No início de 2019, Deltan e a força-tarefa enfrentaram desgaste após anunciarem a criação de uma fundação privada que seria gerida por procuradores e poderia administrar valores de até R$ 2,5 bilhões decorrentes de acordo assinado com a Petrobras no âmbito da Lava Jato.

A própria chefe do Ministério Público Federal à época, a então procuradora-geral da República, Raquel Dodge, pediu ao STF (Supremo Tribunal Federal) que o acordo fosse anulado.

Porém, os mais significativos questionamentos quanto à atuação de Deltan tiveram início em 9 de junho de 2019, quando o site The Intercept Brasil começou a publicar reportagens com base em mensagens de grupos de diálogo no aplicativo Telegram dos quais o procurador participou desde 2014.

Nas semanas seguintes, o Intercept permitiu que a Folha e outros veículos de mídia tivessem acesso ao conjunto de conversas para a elaboração de reportagens em conjunto com a equipe do site.

As publicações mostraram a colaboração entre o procurador e o ex-juiz no decorrer da Lava Jato, e levantaram discussões sobre a imparcialidade de Moro na condução do caso.

Uma das reportagens da Folha em conjunto com o Intercept revelou que Deltan estimulou procuradores em Brasília e Curitiba a investigar o ministro do STF Dias Toffoli sigilosamente em 2016, numa época em que o atual presidente da corte superior começava a ser visto pela Operação Lava Jato como um adversário disposto a barrar seu avanço.
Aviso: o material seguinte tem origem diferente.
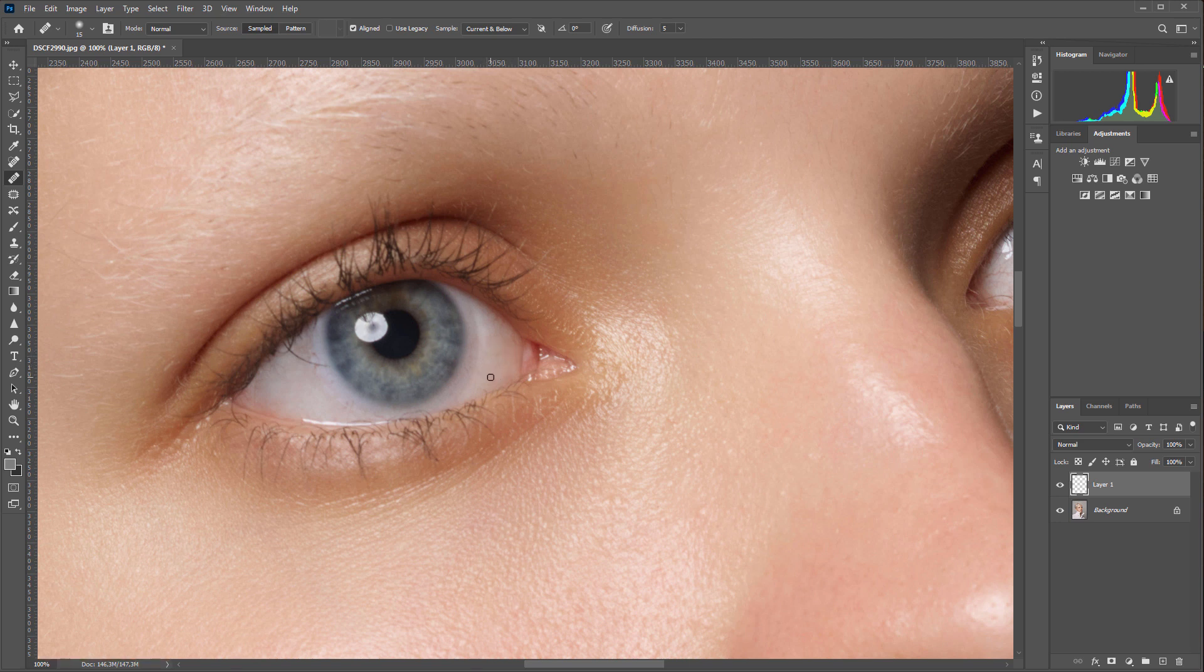Also note that even though I tried to work carefully, the whites still don't look uniform. There are dark and light spots here.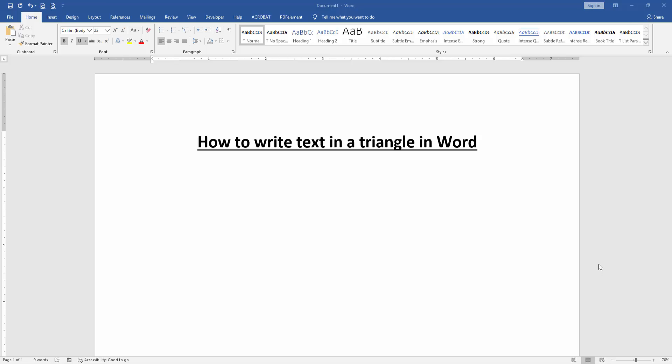Assalamualaikum, hello friends. How are you? Welcome back to another video. In this video, I will show you how to write text in a triangle in Microsoft Word. Let's get started. At first, we have to open our document.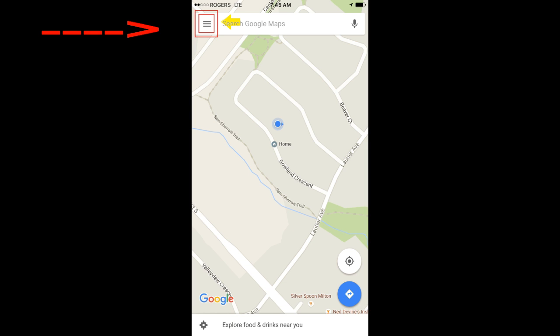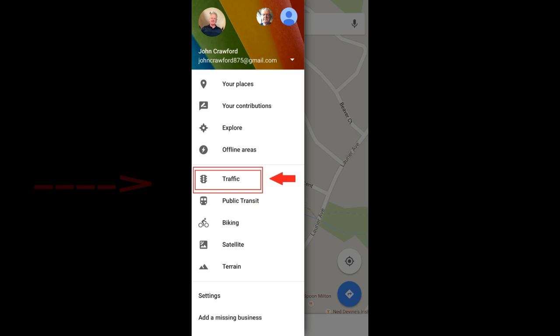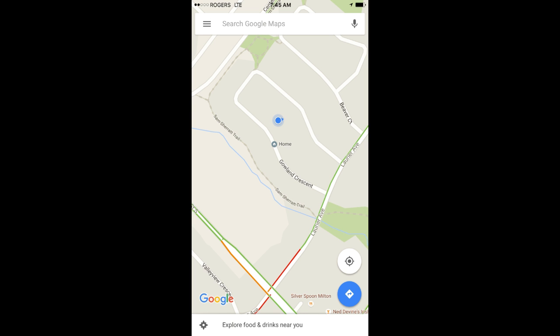Shown here in a red frame, five items down there is an icon called traffic, highlighted here in a red frame. Press it — that will enable the traffic.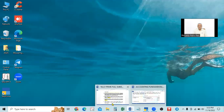In TallyPrime, that account is called a ledger. So we will discuss about the ledger: how to take the ledger reports, ledger configuration and settings, and ledger view tricks in TallyPrime.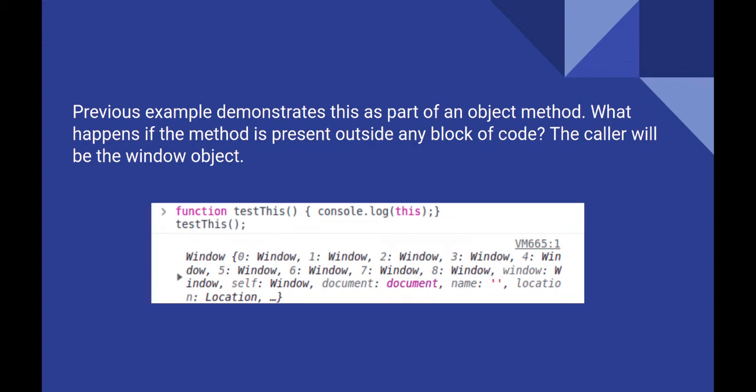When we have a method defined as a standalone method, its this refers to the windows object by default. Hence, this is known as default binding.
Outras publicações do jornal mostraram ainda que o procurador montou um plano de negócios de eventos e palestras para lucrar com a fama e contatos obtidos durante a Lava Jato, e chegou a ser contratado para um evento de uma empresa que havia sido citada em um acordo de delação premiada no caso de corrupção.
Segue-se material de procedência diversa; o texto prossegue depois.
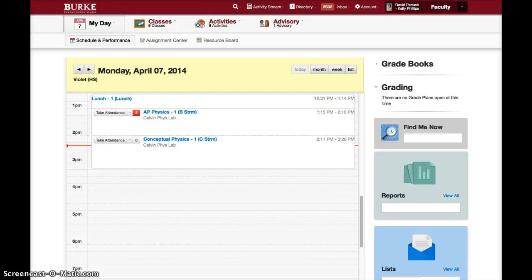Hello, this is a screencast to show advisors how to approve course requests for their advisees.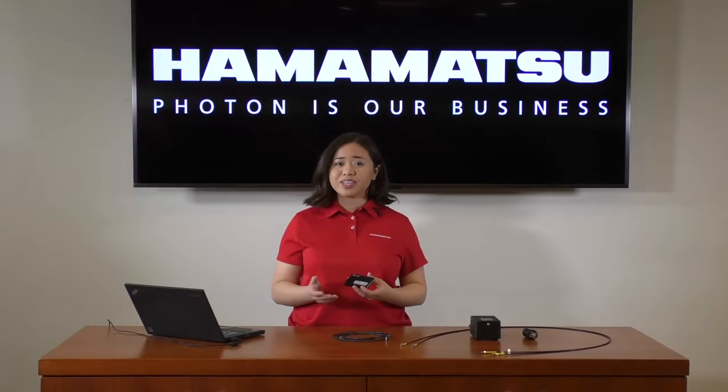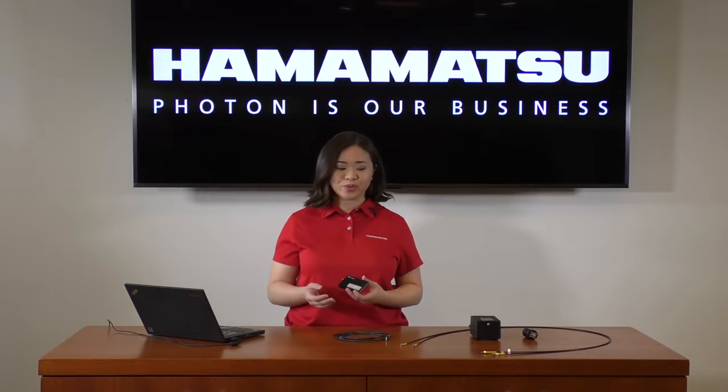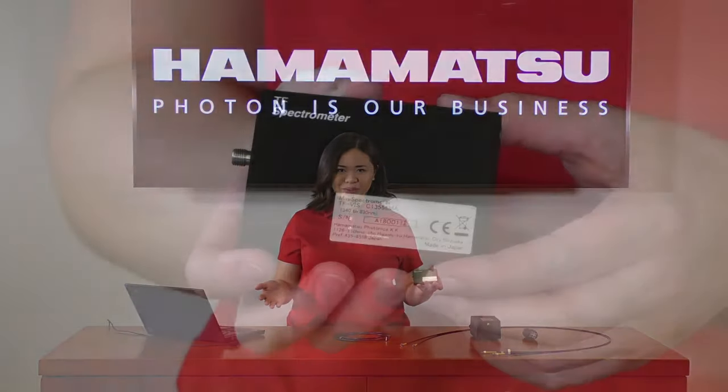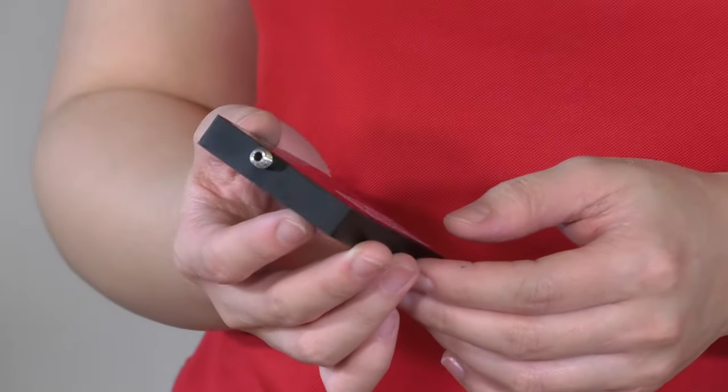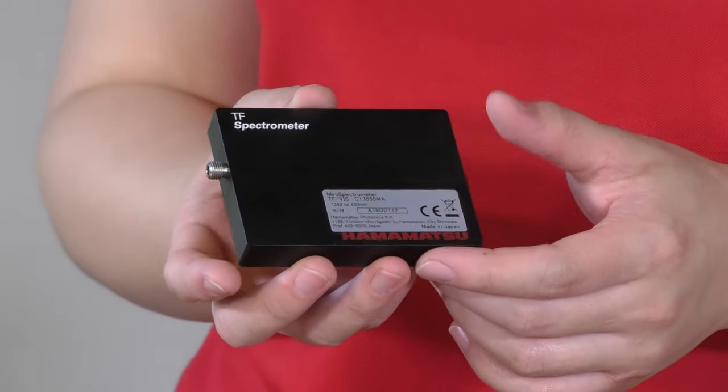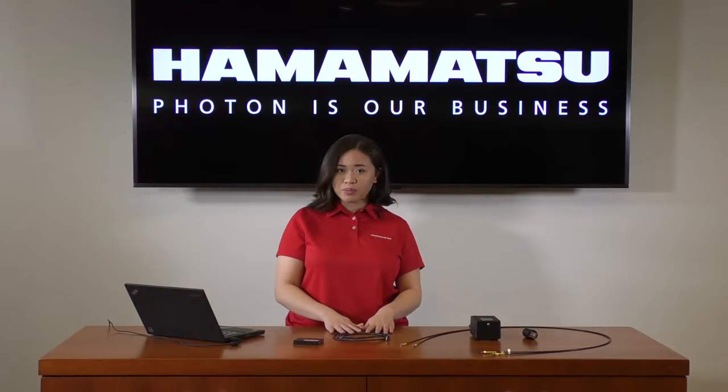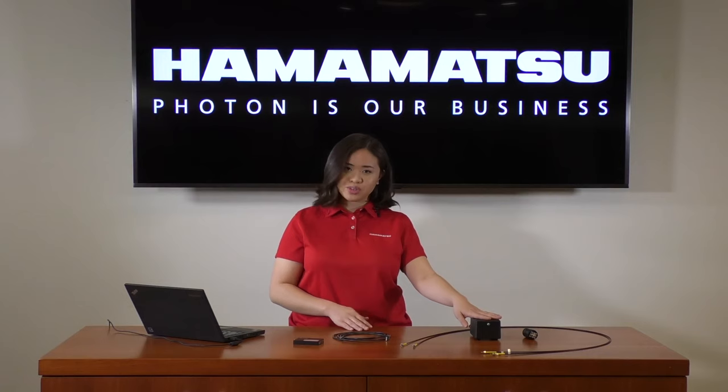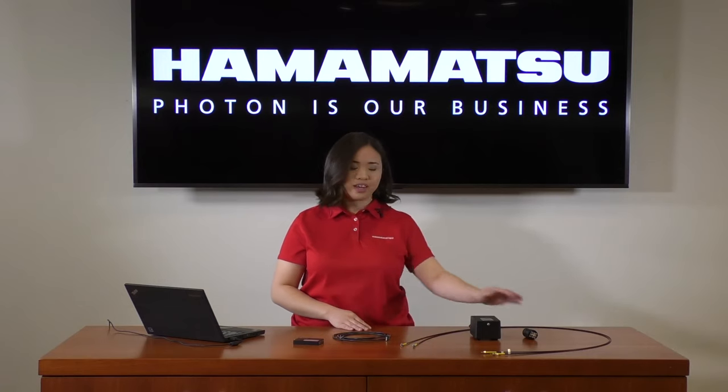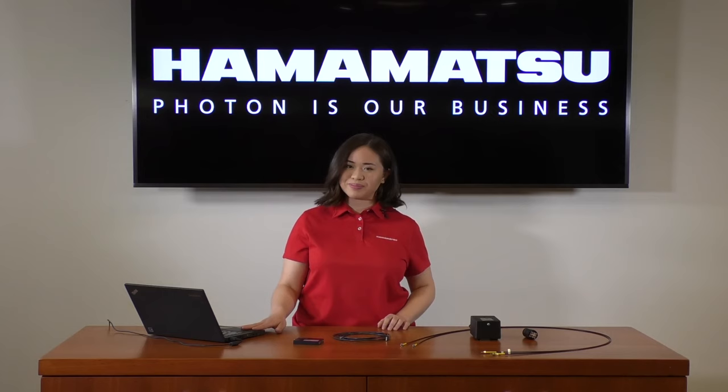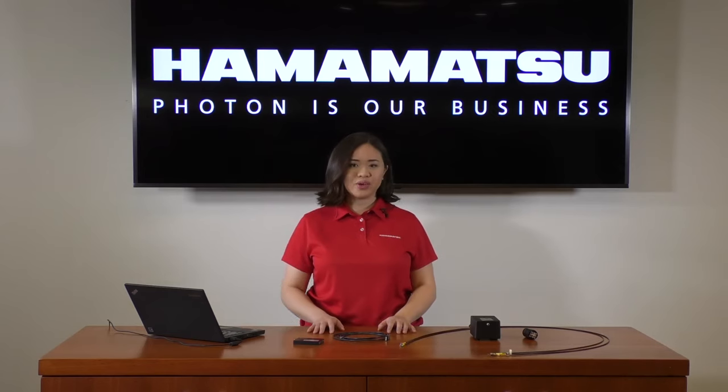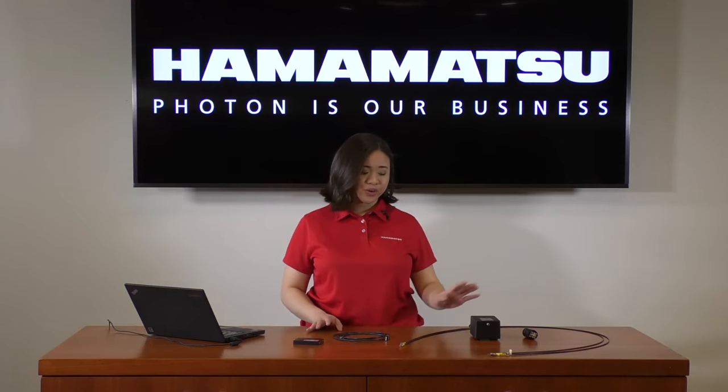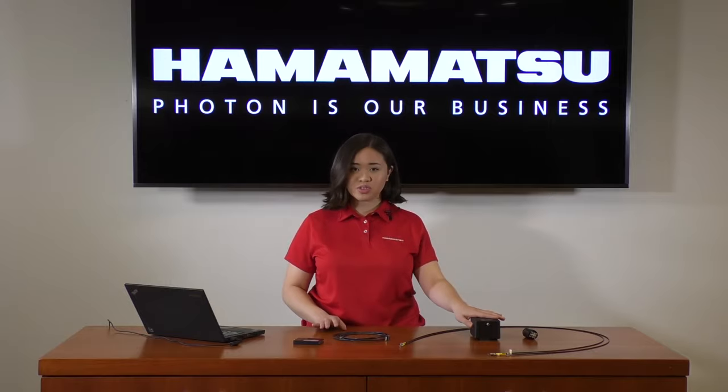To give you some idea of how to test the spectrometer, we've assembled an example test setup. So shown here is the C13555MA. Then we have a USB cable, a halogen light source, two fiber optic cables, an iris, and a PC. We've had our light source plugged in and going through warm-up for about 30 minutes to ensure stable output.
Com a posse do atual procurador-geral da República, Augusto Aras, em setembro de 2019, mais um front de críticas contra a Lava Jato se abriu. Além de a PGR sob seu comando ter tentado copiar bancos de dados sigilosos da Lava Jato, Aras chegou a dizer em julho que a força-tarefa em Curitiba é uma "caixa de segredos".

Deltan deixou o comando da Lava Jato em um momento de maior questionamento sobre as condutas da operação e no qual suas condenações e resultados estão sob risco de anulação nos órgãos superiores da Justiça, na esteira das sucessivas derrotas que ex-juiz da Lava Jato e ex-ministro da Justiça Moro vem sofrendo no STF.